Ciudad de México. - México se enfrenta al gusano barrenador, que logró atravesar la barrera biológica que se estableció en la selva del Darién, frontera natural entre Panamá y Colombia, y avanzó por Centroamérica hacia el norte, afectando principalmente al ganado, pero también a otros animales de sangre caliente, incluidas mascotas, caballos e incluso personas, provocando varias muertes.
La hondureña Cristina Henríquez Funes, de 70 años, contó a EFE que se contagió tras sufrir una pequeña herida en el pie provocada por una espina, mientras recolectaba leña para encender el fogón donde prepara sus alimentos.
Con dificultad para hablar, relató: "Llegó la mosca y me puso los animales", y explicó que le extrajeron cuatro larvas y permaneció 40 días hospitalizada. Viuda y sin hijos, su cuidado quedó a cargo de su pariente Evangelina Henríquez.

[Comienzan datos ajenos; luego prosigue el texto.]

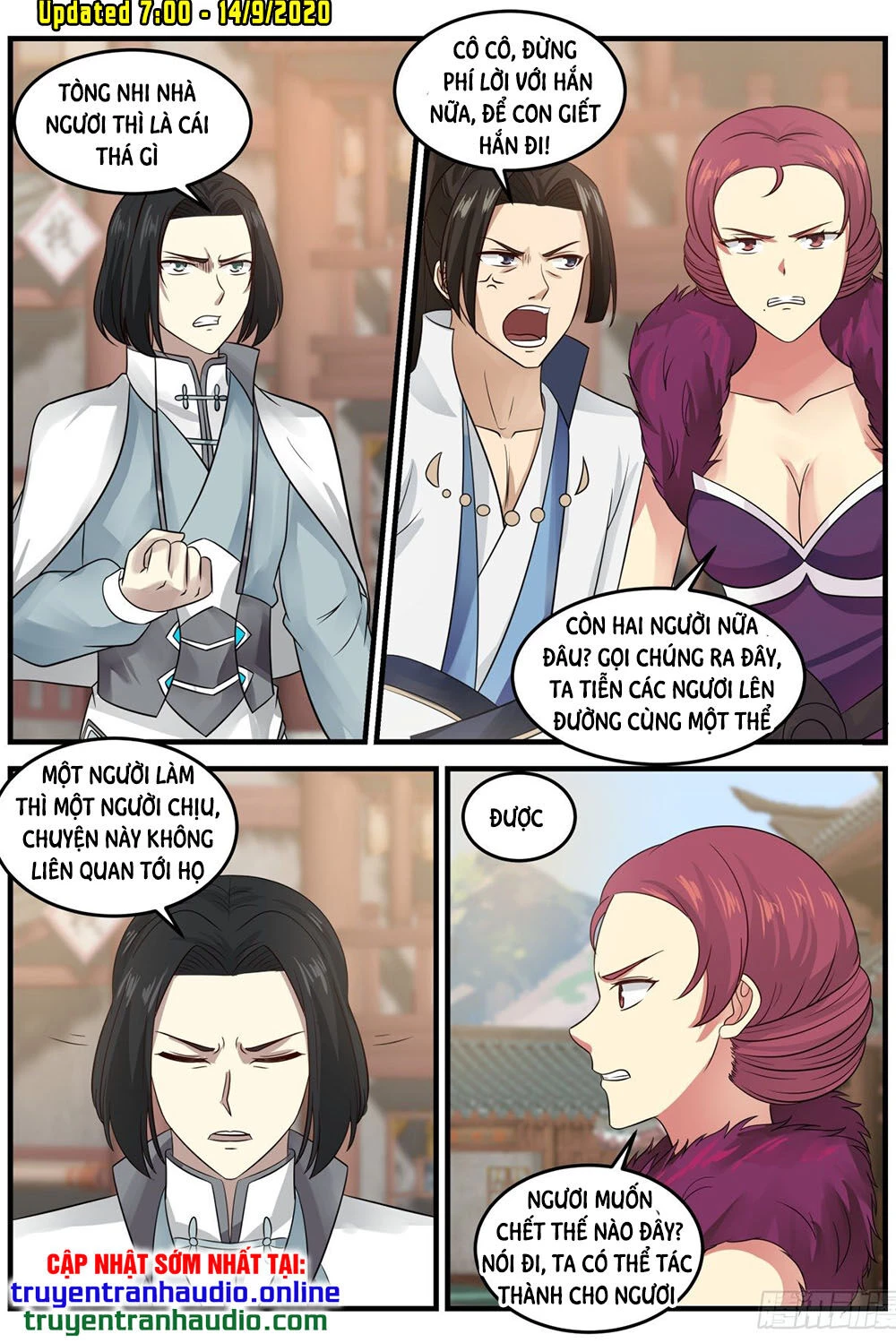 Võ Luyện Đỉnh Phong Chapter 672 - Trang 4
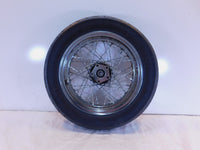Harley Davidson FXSB Low Rider FXEF Super Glide Fat Bob Laced Rear Wheel Rim - C3 Cycle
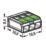 Wago 221-423 32A 3-Way Lever Connectors 50 Pack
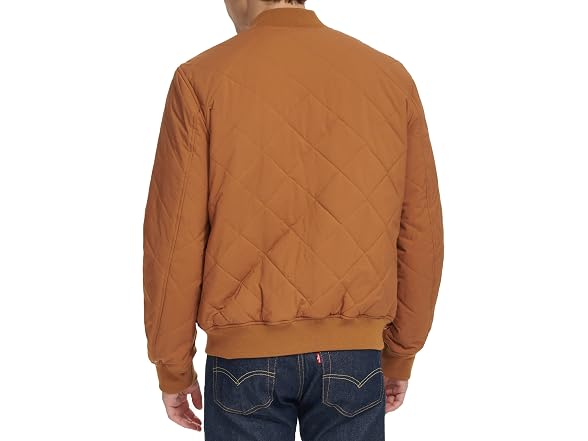 Levi's Men's (M) Men's Diamond Quilted Bomber Jack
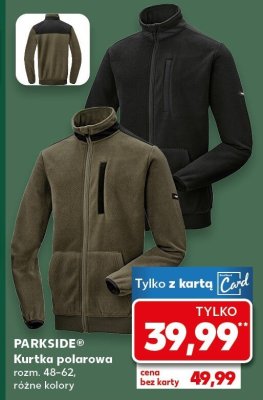 Kurtka polarowa promocja w Kaufland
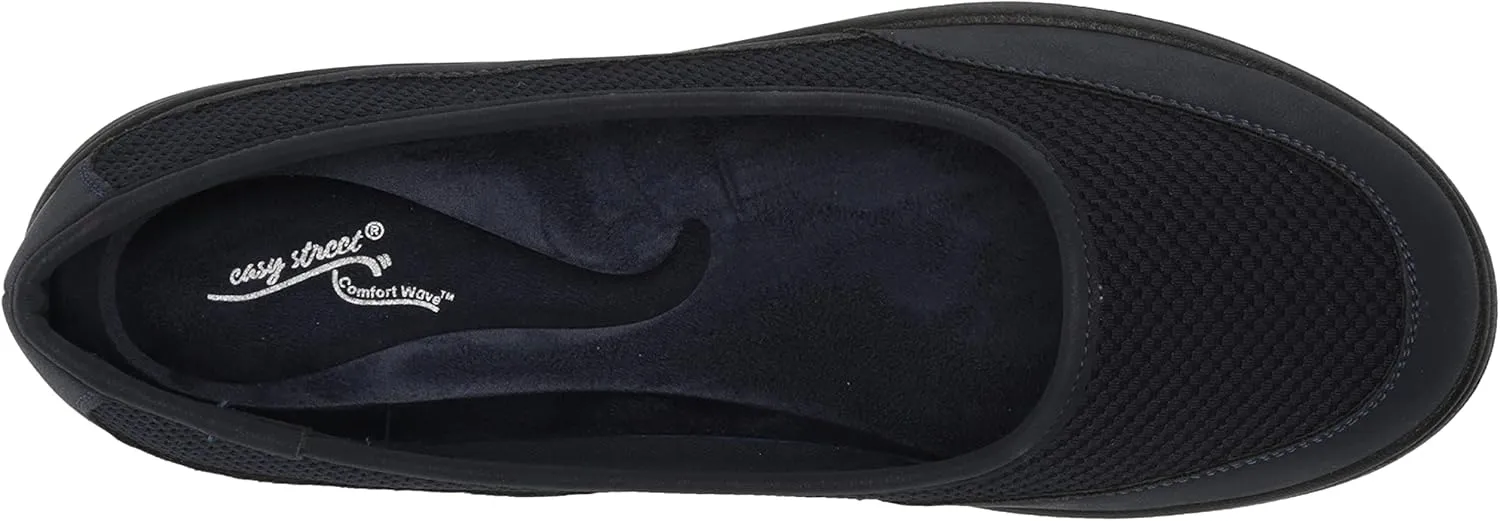 Easy Street Women's Joyous Ballet Flat Sneaker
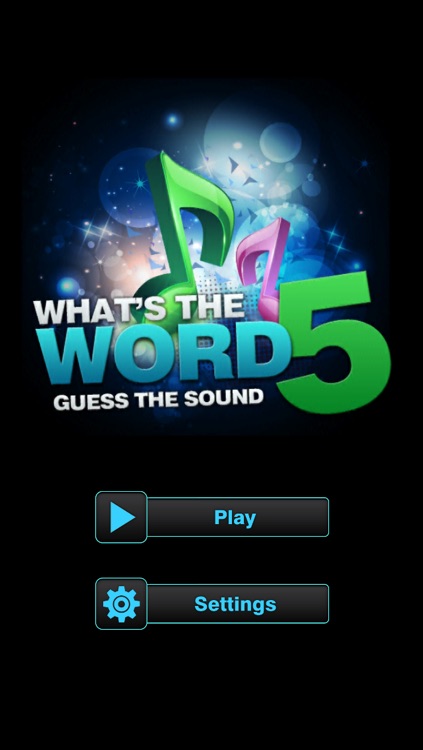 What's The Word 5 - Guess the Sound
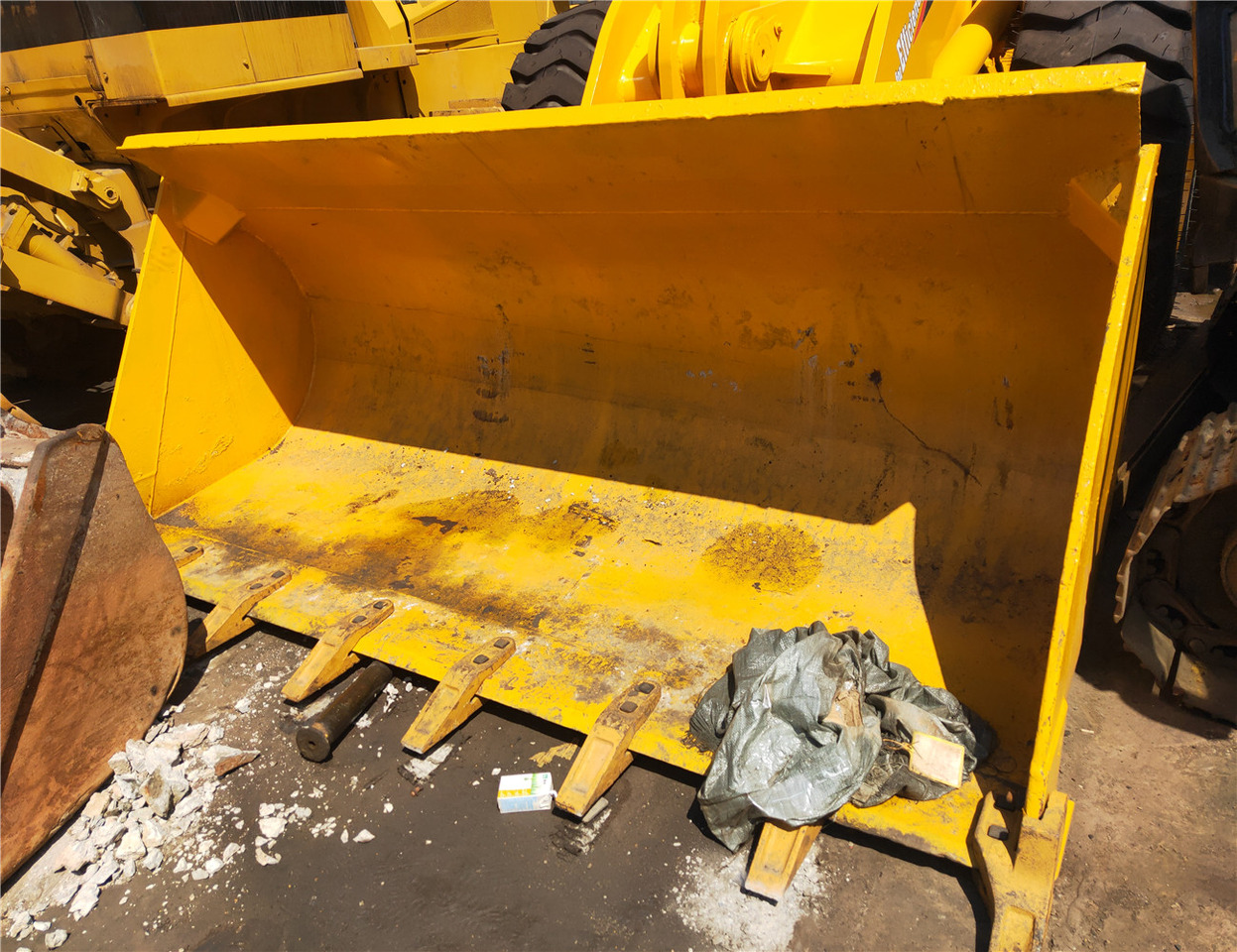 XCMG Wheel Loader LW500FN Click for Discount - Натоварувач на тркала: слика 5 XCMG Wheel Loader LW500FN Click for Discount - Натоварувач на тркала: слика 5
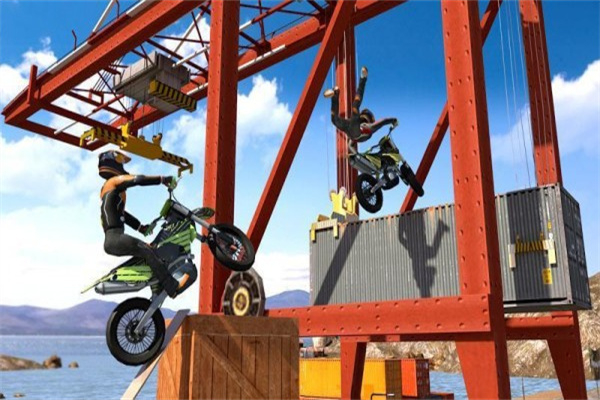 特技越野摩托车3D下载最新版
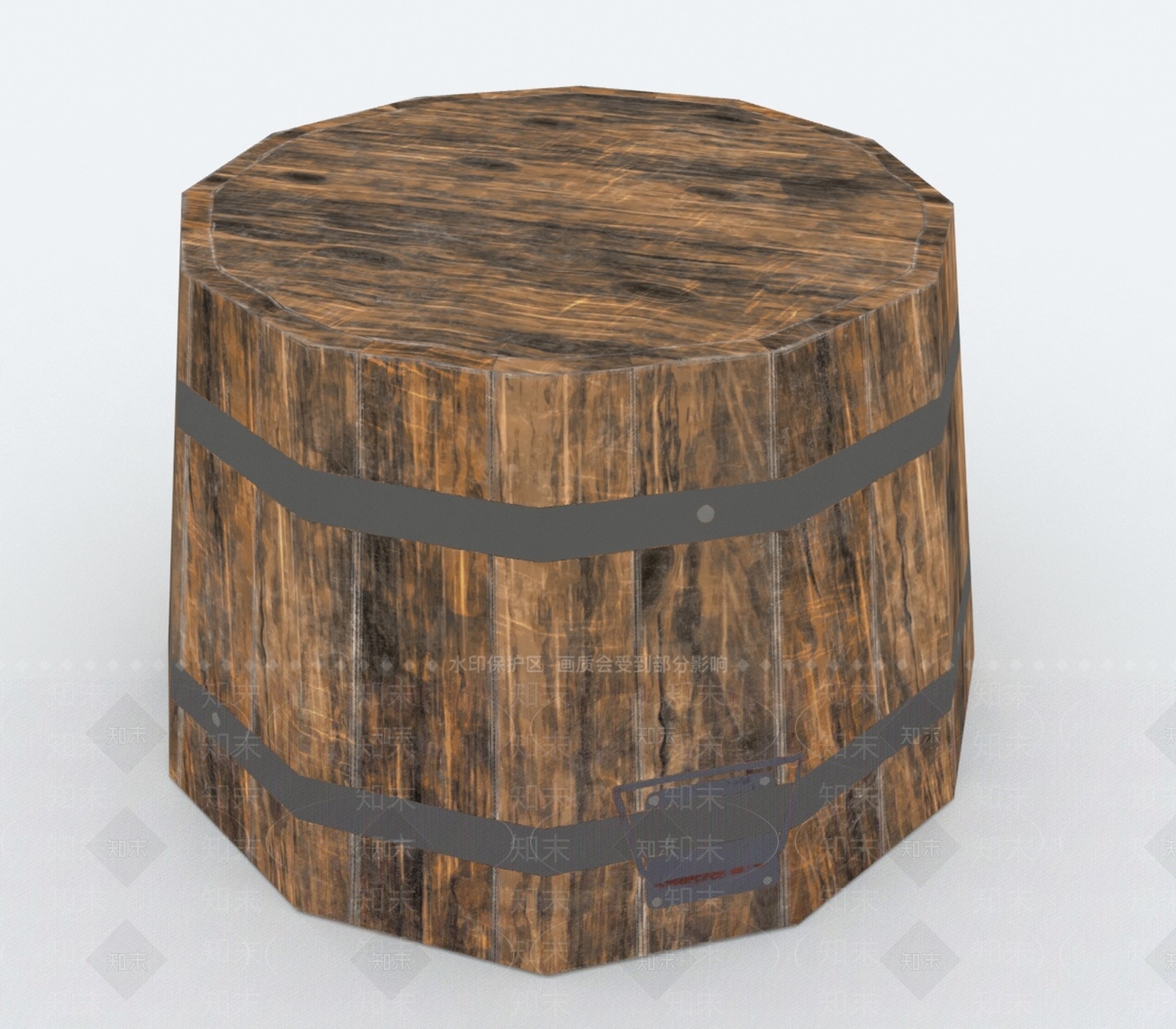 禅意其他凳子3D模型下载【ID:1193335775】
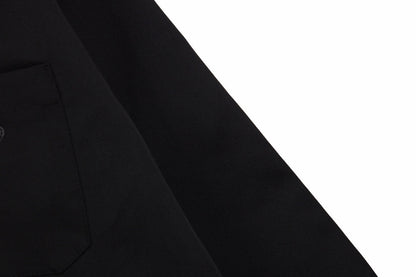 Chemise noire Prada à boutons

Según Evangelina, la mujer —ya recuperada— estaba en casa de una familiar cuando una inflamación en la pierna motivó su traslado a un centro de salud en Lepaterique. De ahí fue enviada en ambulancia al Hospital Escuela de Tegucigalpa, donde estuvo ingresada un mes y medio.
Este caso forma parte de los 134 registrados en Honduras, que han dejado al menos cuatro fallecimientos.